The other day I sat on the floor of the library, in the Biblical criticism section, with my papers, notebooks, and texts spread around me, for five hours. I emerged from the stacks with pins and needles in my feet and a glorious sense of achievement. Nothing was finished, nothing was strictly “accomplished,” but I had had an interaction with a book on my own terms. I had figured things out for myself. And by the sweeping and comprehensive word things I mean about one hundred lines of the Iliad.
I was an ignorant schoolmaster, to borrow a phrase from Rancière. Knowing no more Greek than the alphabet, I went painstakingly through the interlinear figuring out if my hunch about diction between a simile and the main narrative was right—and it was! But it was only because I had pushed myself to memorize the simile in Greek that I was able to find those echoing words in the text.
In the span of that afternoon I learned more about the Iliad than I have all term in class. And this is not a depressing thought to me, nor is it a poor reflection on the class itself. But it is a boggling reminder that one must write about something and give over hours of lonely thought and attention before anything in a book like the Iliad comes into focus. I rewarded myself for the scholarly Greek work by writing some short poems, working to interpret the text in narrative form. (I’d never done this before, either—performing exegesis by writing a piece of literary reception.)
When I’ve sat down to write the last few times I’ve noticed something different about my attitude toward it, even my physiognomy while I’m writing. I feel less strained and contorted. I’m having fun, and I think my delight in writing now has something to do with the perfect confluence of the astonishing attention to my writing I got from my mom while homeschooling and the profound neglect of writing instruction I’ve gotten at college. I had a rigorous if unconventional foundation, and now I get to play around with the superstructure.

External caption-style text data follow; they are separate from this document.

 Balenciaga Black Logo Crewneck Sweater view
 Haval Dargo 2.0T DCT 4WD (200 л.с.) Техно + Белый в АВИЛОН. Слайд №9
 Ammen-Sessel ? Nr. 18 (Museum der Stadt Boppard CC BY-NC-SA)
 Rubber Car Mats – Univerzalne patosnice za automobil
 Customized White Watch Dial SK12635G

A friend of mine gave a great speech this week. He reminded us that to be a student, a teacher, a writer—what he calls “close reading as a profession”—is possibly the only way to truly live a life of service. Teaching is, in his words, “non-instrumental, indefinite, and self-effacing.” For all my world-shifting experiences with practical skills in the last few months, the impractical still has this draw on me. Maybe I am fated to be some sort of permanent student or chronic teacher, and maybe that’s not such a bad fate.